When we talk about adding fractions, the main goal is to combine two or more fractions into a single fraction. In order to achieve this, the fractions need to have the same denominator, which is also known as having a common denominator. In the given exercise, the fractions \( \frac{17}{y} \) and \( \frac{12}{y} \) already share the same denominator \( y \). This makes the addition process straightforward. To add fractions with the same denominator:

• Add the numerators together while keeping the denominator unchanged.
• For example, \( \frac{17}{y} + \frac{12}{y} \) becomes \( \frac{17+12}{y} \).
• You simply add the top numbers (17 and 12) and keep the bottom number (y) the same.

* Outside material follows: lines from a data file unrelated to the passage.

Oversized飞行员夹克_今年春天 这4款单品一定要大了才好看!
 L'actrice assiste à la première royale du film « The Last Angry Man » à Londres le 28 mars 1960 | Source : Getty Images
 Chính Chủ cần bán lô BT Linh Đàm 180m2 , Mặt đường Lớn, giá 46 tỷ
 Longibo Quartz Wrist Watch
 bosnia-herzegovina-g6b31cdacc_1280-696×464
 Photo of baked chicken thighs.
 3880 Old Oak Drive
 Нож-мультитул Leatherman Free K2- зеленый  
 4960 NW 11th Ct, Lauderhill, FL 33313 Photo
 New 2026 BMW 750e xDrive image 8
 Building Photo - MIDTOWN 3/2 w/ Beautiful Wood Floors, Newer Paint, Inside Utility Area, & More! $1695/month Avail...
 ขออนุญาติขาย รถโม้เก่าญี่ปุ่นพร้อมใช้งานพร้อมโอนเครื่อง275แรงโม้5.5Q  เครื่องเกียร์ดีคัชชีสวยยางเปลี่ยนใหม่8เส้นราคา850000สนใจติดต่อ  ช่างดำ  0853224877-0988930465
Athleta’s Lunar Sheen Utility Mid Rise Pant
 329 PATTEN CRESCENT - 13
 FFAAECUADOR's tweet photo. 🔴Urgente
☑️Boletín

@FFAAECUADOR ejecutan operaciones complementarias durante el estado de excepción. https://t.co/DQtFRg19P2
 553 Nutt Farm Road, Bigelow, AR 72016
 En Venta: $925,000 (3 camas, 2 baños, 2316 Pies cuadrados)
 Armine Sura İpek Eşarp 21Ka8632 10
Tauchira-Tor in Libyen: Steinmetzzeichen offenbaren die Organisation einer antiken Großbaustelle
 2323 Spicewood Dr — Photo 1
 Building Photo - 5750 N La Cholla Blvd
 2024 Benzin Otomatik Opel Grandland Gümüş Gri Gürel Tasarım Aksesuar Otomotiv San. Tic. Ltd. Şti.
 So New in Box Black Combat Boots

By following these steps, you'll learn that adding fractions isn't too daunting when you are dealing with common denominators. It simplifies the process and eliminates the need for complex calculations. Once you've added the numerators, you can then move to the next step of simplifying if needed.

The concept of common denominators is crucial when working with fractions, especially when trying to add or subtract them. A common denominator is a shared multiple of the denominators of two or more fractions. Having a common denominator allows you to easily combine fractions, as you only need to operate on the numerators. In the problem \( \frac{17}{y} + \frac{12}{y} \), the common denominator is \( y \). Both fractions already have \( y \) as their denominator, which simplifies our job significantly. When fractions share a denominator, like these ones:

• You don't need to alter or find another denominator, saving you time and effort.
• You can directly add or subtract the numerators, while the denominator remains the same.

Understanding common denominators is essential because when they aren’t common, extra steps are needed to find an appropriate denominator, often involving finding the least common multiple.

After adding or subtracting fractions, the next step is to simplify the result whenever possible. Simplifying a fraction involves reducing it to its lowest terms. This means finding the greatest common divisor (GCD) of the numerator and the denominator and dividing both by this number.In the context of our problem, once we've added the numerators to get \( \frac{29}{y} \):

• We check to see if there are any common factors between the numerator (29) and the denominator (y).
• Since 29 is a prime number and doesn't share any factor with \( y \) (apart from 1), the fraction is already in its simplest form.

Simplifying fractions is important because it makes the fraction easier to understand and use. It’s like cleaning up an equation to make it more presentable and functional.